District Court, S. D. New York.

Nov. 24, 1846.

COURTS—FEDERAL JURISDICTION—UNITED STATES CONSUL AT FOREIGN PORT.

[A federal district court has no jurisdiction under Const. U. S. art. 2, § 2, or Act Sept. 24, 1789, § 9 (1 Stat. 76), or otherwise, merely because one party is a united States consul at a foreign port]

[This was an action on the case by Joseph M. Milward against Enos McSaul, Jr., for false imprisonment. Heard on demurrer to the declaration.]

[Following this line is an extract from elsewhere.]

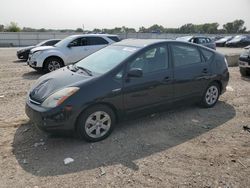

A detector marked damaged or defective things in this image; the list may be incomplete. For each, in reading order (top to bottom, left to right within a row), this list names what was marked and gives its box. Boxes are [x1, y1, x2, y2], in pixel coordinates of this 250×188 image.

crumpled hood [29, 67, 93, 103]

W. C. Barrett, for plaintiff.

F. R. Sherman, for defendant.

PER CURIAM. This action is prosecuted against the defendant for a false imprisonment and other injuries committed by him, at Laguina, he then being consul of the United States at that port. The special causes of demurrer assigned are that the declaration sets forth no cause showing that the defendant had jurisdiction as consul of the subject matter which is made the gravamen of the action and that accordingly case cannot be maintained, whatever wrong the plaintiff may have sustained by means of his arrest and imprisonment. The points discussed in the written argument have relation to the form of action brought, and the necessity of averring facts showing the subject matter within the jurisdiction of the defendant. But there is a paramount difficulty in the case, which is raised by the 426general demurrer and must be disposed of by the court, although it has not been discussed by the counsel. This is a common law action brought in the district court upon the assumption that Const. U. S. art. 2, § 2, declaring that the judicial powers of the United States, shall extend to “all cases affecting ambassadors, other public ministers and consuls,” and section 9 of the judiciary act of September 24, 1789, enacting that the United States district courts shall have jurisdiction, exclusively of the courts of the several states, of all suits against consuls, &c., &c, apply as well to persons holding the appointment of consuls under the authority of the United States as to consuls of foreign governments, resident within the United States. Most manifestly this is not so. A consul has no official character in his own country. He is no more than a private citizen in view of the laws of his own government, and is clothed with a privilege only in respect to the foreign nations where he represents his government and exercises his consular functions. This must be clearly so on the principles which originate and guaranty his privilege. 1 Kent, Comm. 41–45; 3 Story, Const. Law, 1652–1655. It results necessarily from the fact that he acquires no official character within the jurisdiction of our laws. That character is communicated to him on his recognition by the foreign government to which he is delegated and continues only with the exercise of his functions there.

Without considering the point raised as to the frame of the pleadings, or other special questions presented by the arguments, I am bound to declare that this court has no jurisdiction in a personal action at common law, sued against a consul of the United States. Judgment must be rendered, accordingly, for the defendant on the demurrer.